Ceph/CVMFS/Filer Service Meeting

600/R-001 (CERN)



Show room on map
    • 14:00 14:15
      CVMFS 15m
      Speakers: Enrico Bocchi (CERN) , Fabrizio Furano (CERN)


      • Several catalog errors in unpacked.cern.ch and project.cern.ch
        • Reported to developers, now implementing an extra command to fix it
      • Created machines and aliases for caches dedicated to sft repos (2)
        • Will create alias for compass repositories (3) but not dedicated caches
        • Once done, will ask CM to push to QA by CM
      • IPv6 fixes on Stratum1 caches thanks to Fabrizio's probe
    • 14:15 14:30
      Ceph: Operations 15m
      • Cluster Upgrades, Migrations 5m
        Speaker: Theofilos Mouratidis (CERN)
      • Hardware Repairs 5m
        Speaker: Julien Collet (CERN)


        • ceph-disk-management:
          • Found a bug on the script when run on the ceph/vault cluster
          • Now fixed
          • Longer-term:
            • use ceph-volume lvm batch is super convenient even in non-batch mode
            • could simplify and robustify the scripts.

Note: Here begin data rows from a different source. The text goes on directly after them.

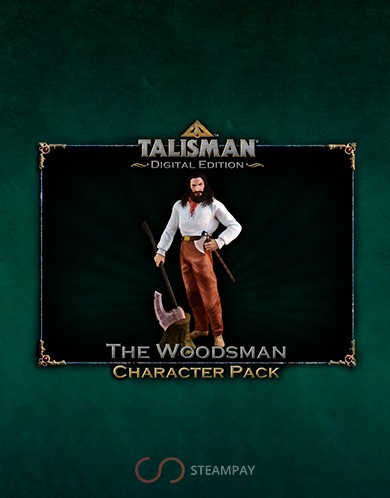 Купить Talisman - Character Pack #17 - Woodsman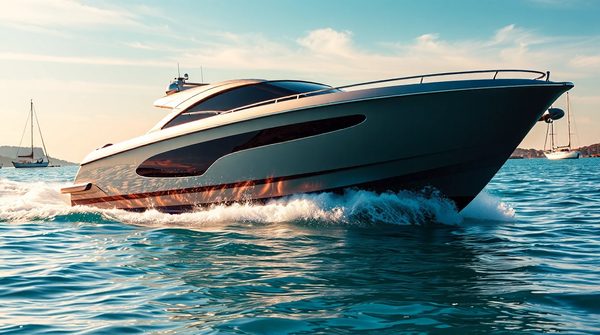 Antares 11 : un motorboat moderne pour vos aventures maritimes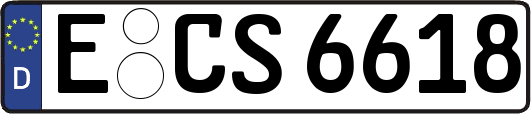 E-CS6618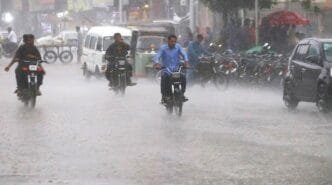 Pakistan records 'over 50%' more monsoon rains from July to September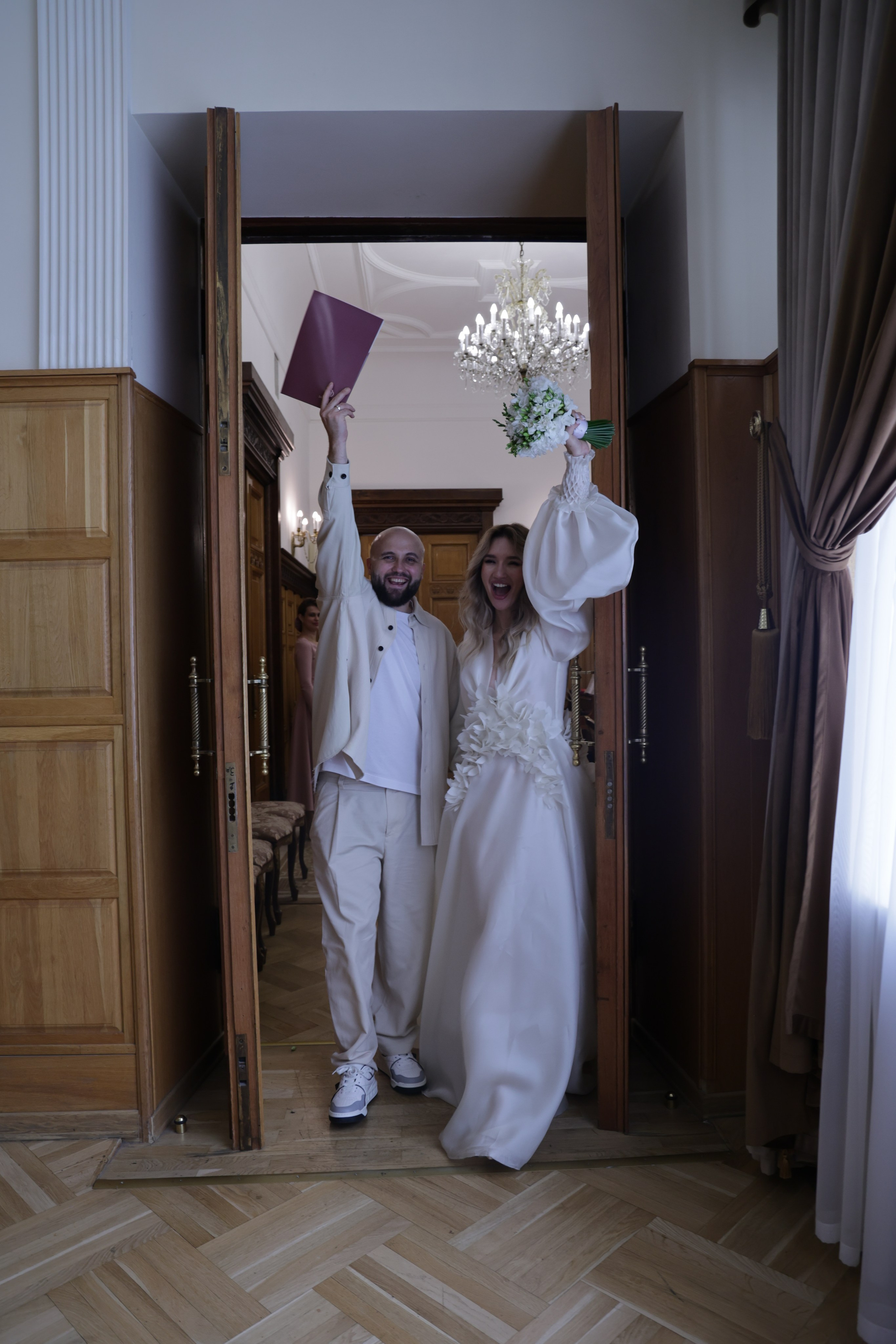 А если дождь?. Свадебный фотограф в Москве и Санкт- Петербурге Алина Сараева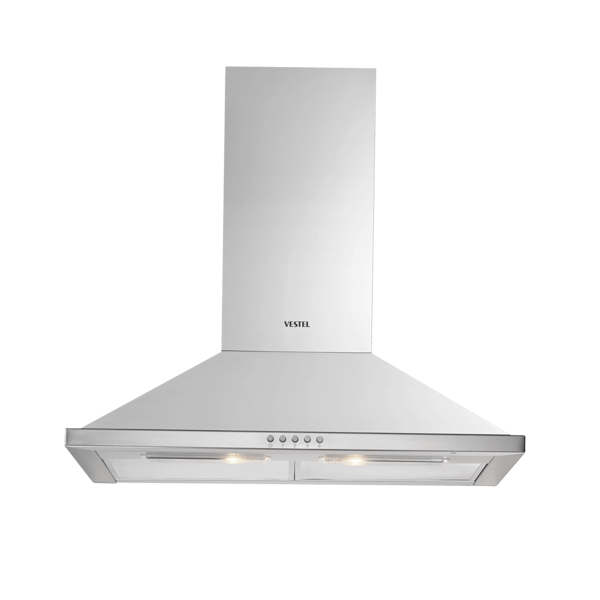 გამწოვი Vestel AD-6001 X Built-in Hood Inox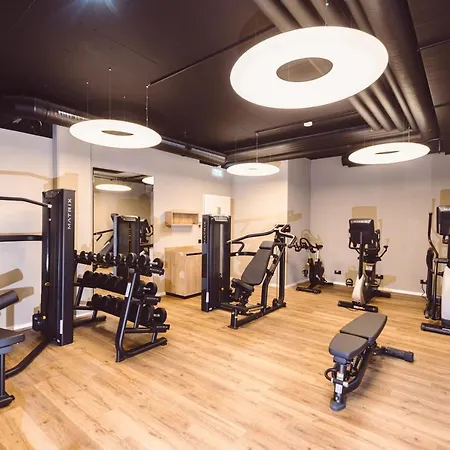 Hotel Libertas Elements Pure 4*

      • Incidents, Requests, Capacity Planning 5m
        Speaker: Dan van der Ster (CERN)
      • Puppet and Tools 5m
    • 14:30 14:45
      Ceph: Projects, News, Other 15m
      • Kopano/Dovecot 5m
        Speaker: Dan van der Ster (CERN)
      • REVA/CephFS 5m
        Speaker: Theofilos Mouratidis (CERN)
    • 14:45 14:55
      S3 10m
      Speakers: Julien Collet (CERN) , Roberto Valverde Cameselle (CERN)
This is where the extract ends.